「っ……」
 恐々と瞳を開くと、そこは先程と同じ場所。
「なんだ、びっくりした……」
 時々、幻獣はカナンの予想を裏切るような行動に出てしまう。セレストに言わせれば、それはカナン様も同じです…と言うことだが、
一緒にされると迷惑である。
「おい、何がしたかったんだ?」
「くぷー」
 今だに脳天気にぷかぷかと飛んでいる幻獣はカナンのことをさらに奥の方へと。
「おい、待て!」
 そのまま、カナンは幻獣を追い掛けたが、その結果、大きく固まることとなった。
「あ……」
 そこには先客がいた。膝を抱えて座っている小さな子供。あまりのことにカナンの背に冷たいものが走る。何の訓練も受けていない
第二王子が幻獣を召喚している。王家を揺らがせるのにこれほどの大きな事件はない。
(どうしよう……)
 だが、カナンの焦りとは裏腹に先客である小さな子供は目の前を漂う幻獣にも、カナンにも反応を示さない。まるで、そこに存在する
ことを認識すらしていないように。
「おい、そこの子供。僕はカナン・ルーキウスだ。おまえは?」
 呼び掛けてみても、返事の一つもない。
「おい……」
 再度、呼び掛けてみても、何の返事も反応すらもない。そこで初めてカナンは初めて自分の存在が相手に認識されていないことに
気付いた。
(それにこの子供は……)
 子供の傍にある熊の縫いぐるみはカナンが幼い頃に持っていたのと同じもの。先程の古い玩具箱の中に入っていた。
(昔の僕、だ……)
 愕然とする。幻獣にそんな力があるなんて、初耳だ。だが、目の前の子供は確かに過去の自分なのだ。
(どういうことだ?)
 理由がわかる幻獣とは残念ながら意思の疎通は図れない。
(何をしているんだ、僕は……)
 三歳くらいの頃だ。

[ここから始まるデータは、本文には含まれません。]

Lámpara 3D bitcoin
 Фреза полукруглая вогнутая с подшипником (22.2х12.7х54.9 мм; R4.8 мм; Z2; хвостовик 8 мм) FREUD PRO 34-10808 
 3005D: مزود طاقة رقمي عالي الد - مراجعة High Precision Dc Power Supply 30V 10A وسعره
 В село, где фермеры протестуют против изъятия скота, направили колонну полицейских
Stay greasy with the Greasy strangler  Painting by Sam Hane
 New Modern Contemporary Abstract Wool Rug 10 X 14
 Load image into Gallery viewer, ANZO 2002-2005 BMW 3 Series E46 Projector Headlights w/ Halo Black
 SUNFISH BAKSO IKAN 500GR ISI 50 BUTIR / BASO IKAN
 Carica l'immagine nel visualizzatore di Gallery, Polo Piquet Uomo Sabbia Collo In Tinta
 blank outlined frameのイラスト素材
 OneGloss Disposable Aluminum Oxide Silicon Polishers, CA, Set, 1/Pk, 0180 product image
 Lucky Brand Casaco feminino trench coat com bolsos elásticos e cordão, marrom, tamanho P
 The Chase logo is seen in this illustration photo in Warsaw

その頃な記憶なんて、余程インパクトの強いものでなければ覚えてなどいない。だから、こんな裏庭の隅で膝を
抱えている理由なんて自分でもわかるはずがない。
「カナン様……?」
(え……?)
 懐かしい声にカナンは反射的に振り返る。
「カナン様ですよね?」
 鮮やかな青い髪。優しげな光をたたえたグリーンの眼差し。けれど。カナンが知るよりもずっと幼い姿。声もまだボーイソプラノで。
「だれだ、おまえは?」
 傍から見て、過去の自分とは言え、生意気に見えるのは何故だろう。
「私はセレスト・アーヴィングです。アドルフ・アーヴィングの息子です」
「きしだんちょうの?」
「はい」
 小さな王子に優しい笑顔を。今の笑顔と何一つ変わっていない。カナンは愕然とするしかなかった。

(思い出した。僕がセレストに出会った時だ……)
 正確に言えば、少し違う。セレストが良く話す初めて二人のが出会い。生まれてから一月くらいした頃だったらしい。らしい、と
いうのは、カナン自身がそんな小さな頃の話を覚えている筈もなく。何度、覚えてもいない頃の話をするな、と腹を立てたことか。
「おまえはなにをしている?」
「私、ですか?」
「そうだ。アーヴィングならしつむしつか、くんれんじょうにいるだろう?」
 どうして、わざわざこんなところに?と聞きたいらしい。
「父に剣の稽古をつけてもらいにお城に上がらせていただいてるんです。その帰りです」
 父であるアドルフにかなり厳しく鍛えられているらしく、少年だったセレストの手はまめだらけ。絆創膏や包帯だらけなのも痛々しい。
何故だか、ひどく胸が痛んだ。

タイムトラベルものじゃないんです。だから、カナンの姿は過去のカナンやセレストには認識されていません。